SUPPLIED INFORMATION =
++++++++
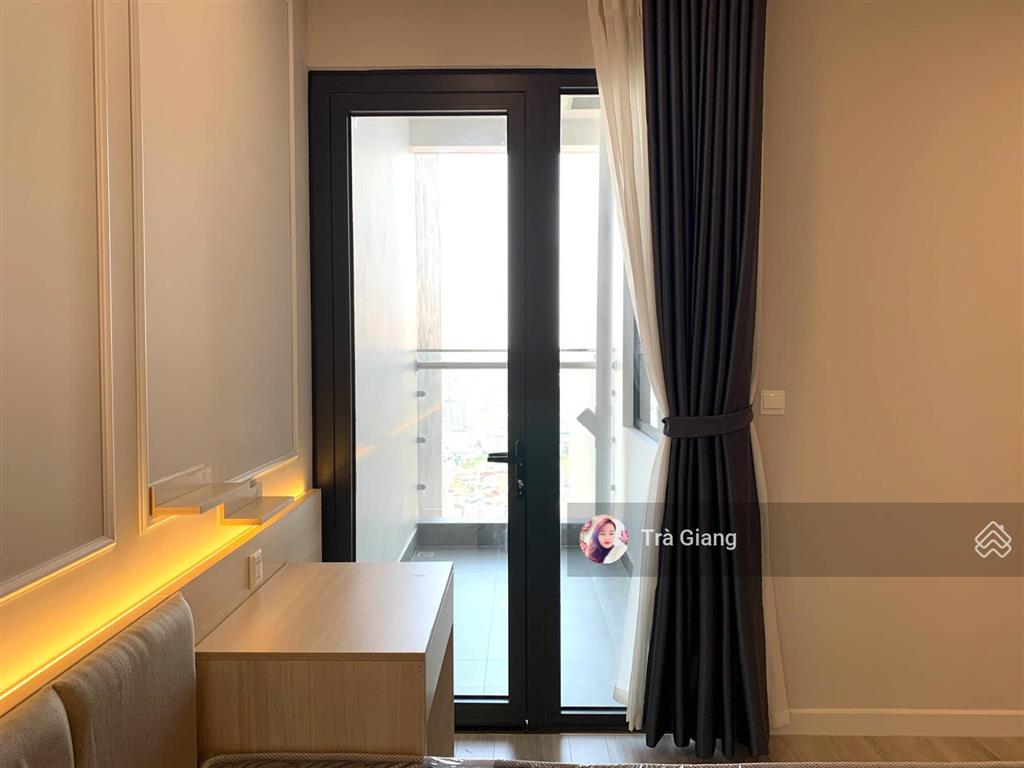 Bán căn hoa hậu brg 25 lê văn lương 107m2, 3pn2wc full nội thất hiện đại, có slot ô tô, giá đầu tư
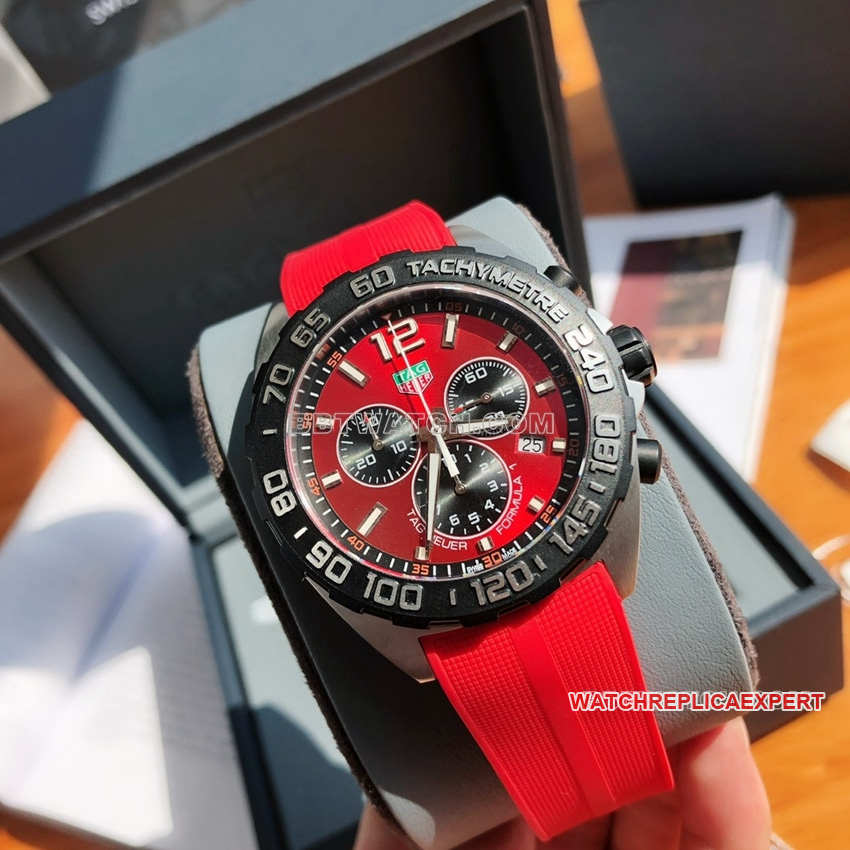 TAG Heuer F1 CAZ101AN FT8055 Top CollectChronograph Quarzuhr mit rotem Zifferblatt
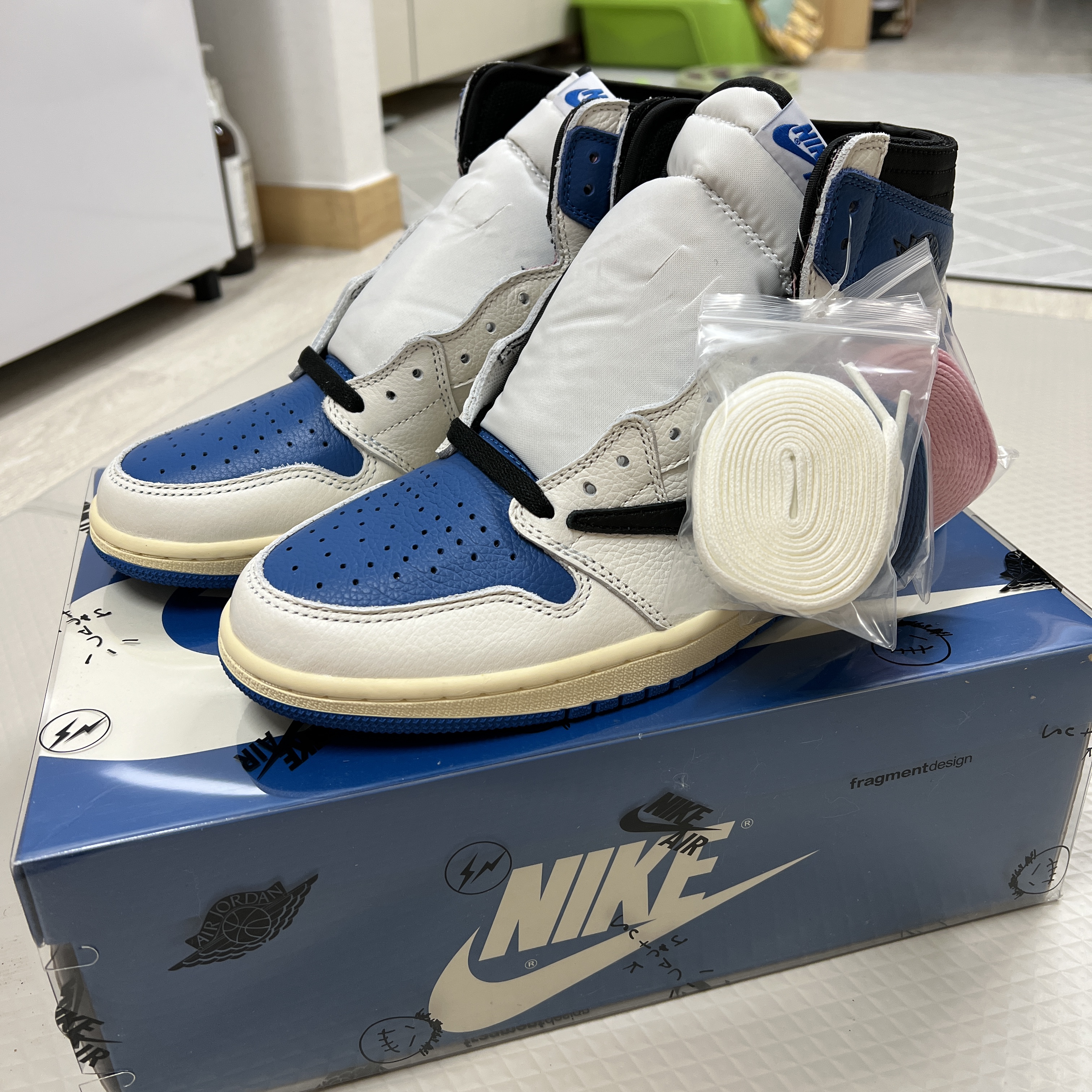 Jordan 1 x Travis Scott x Fragment Retro High OG SP Military Blue 착용 스타일 - 1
++++++++
TASK BRIEF =
Quote the data exactly, leaving every image out of the copy.

ANSWER SECTION =
 Bán căn hoa hậu brg 25 lê văn lương 107m2, 3pn2wc full nội thất hiện đại, có slot ô tô, giá đầu tư
 TAG Heuer F1 CAZ101AN FT8055 Top CollectChronograph Quarzuhr mit rotem Zifferblatt
 Jordan 1 x Travis Scott x Fragment Retro High OG SP Military Blue 착용 스타일 - 1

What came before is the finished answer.